Son muy conocidas sus anécdotas. Como que, al estar las instalaciones del Proyecto Manhattan en Los Álamos completamente aisladas por motivos de seguridad, llegaba un momento en que el tedio invadía a los científicos, que no podían hacer nada en su tiempo de ocio. Richard se entretenía descifrando las claves para abrir las cajas fuertes donde se guardaban los documentos armamentísticos secretos para demostrar precisamente que la seguridad del centro era más que cuestionable.

También es conocida su afición por las artes. Durante una época se dedicó a pintar con seudónimo y llegó a exponer. También se aficionó a los bongos durante una estancia investigadora en Brasil. Tanto, que se fue a una escuela de samba a perfeccionar su habilidad con la frigideira. Sin duda era un científico fuera de todo molde.

Pero lo que más me seduce de la peculiar personalidad de Richard Feynman es su afán por explicar la ciencia de manera que se entendiera. En ese aspecto era el amo de la pista. No en vano le llamaban El Gran Explicador. Enseñó ciencia a su hijo imaginando diálogos entre hormigas y marcianos. Y era partidario de bajar a la ciencia del pedestal del lenguaje distante y alejado para que fuera accesible para más personas.  Su libro sobre nanotecnología Al fondo hay mucho sitio y sus apuntes sobre física cuántica así lo atestiguan. Para él, era una cuestión moral. Pero era consciente de lo excéntrico de esa creencia en el ambiente de la ciencia ortodoxa, y por eso llegó a afirmar que de haber escrito de manera más inteligible sus investigaciones no le habrían dado el Nobel.

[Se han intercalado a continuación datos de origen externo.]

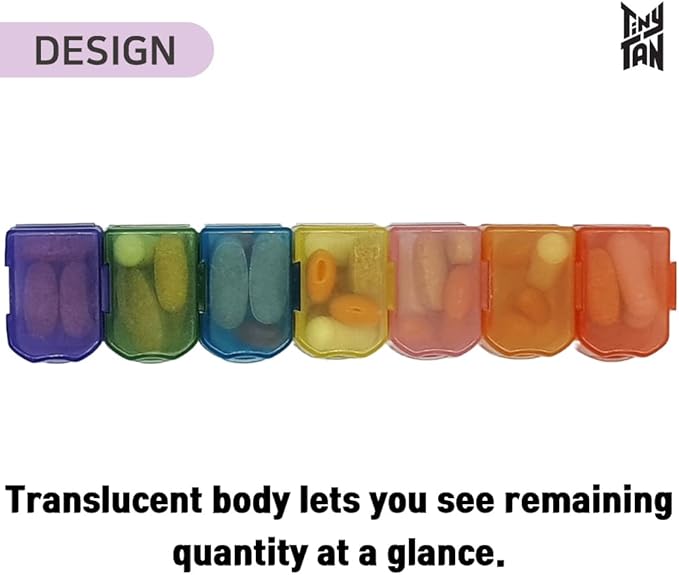 BTS Merchandise Official Licensed Kpop Merch - TinyTAN Character Daily Portable Detachable Pill Organizer Dispenser Vitamin Case Medicine Box (Dynamite)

No todo fueron luces en su vida. Su participación en el Proyecto Manhattan le pasó factura. Entró en el equipo convencido de que era imprescindible construir la ansiada bomba atómica antes que los nazis, como freno a lo que estos pudieran hacer con ella, pero cuando acabó la guerra y ya había desaparecido ese peligro, Feynman vio que el programa continuaba y, lo que es peor, fue testigo de las explosiones de Hiroshima y Nagasaki. Cayó en una depresión pero salió adelante investigando cuestiones de matemática pura que, sobre todo, le producían satisfacción intelectual a él.

La calidad de Feynman como científico la pone de manifiesto con afirmaciones como la siguiente:

Es en la admisión de la ignorancia y la admisión de la incertidumbre que existe una esperanza para el movimiento continuo de los seres humanos en una dirección que no consiguen estando confinados, bloqueados permanentemente, como lo han estado tantas veces en diferentes períodos de la historia del hombre.

Había ganado un Nobel y los premios más importantes. Y sin embargo, abogaba por la humildad intelectual como base de la posibilidad de progreso de la humanidad. Ese bloqueo permanente del que hablaba en la cita suele estar acompañado por el peor de los enemigos del científico: la autocomplacencia. Y, simultáneamente, de la mano de la humildad, camina ese empeño por presentar claramente y de forma cercana cualquier teoría por compleja que sea.

Una lección que pocos científicos de todas las ciencias han aprendido. Tal vez, el secreto esté en tomarlo como una responsabilidad, como una cuestión moral, y no como un medio de vender ideas.

Este artículo está dedicado a Carmen Pulín, que me recordó a Feynman en una conversación con el entusiasmo de quien disfruta de la vida con ojos nuevos cada día.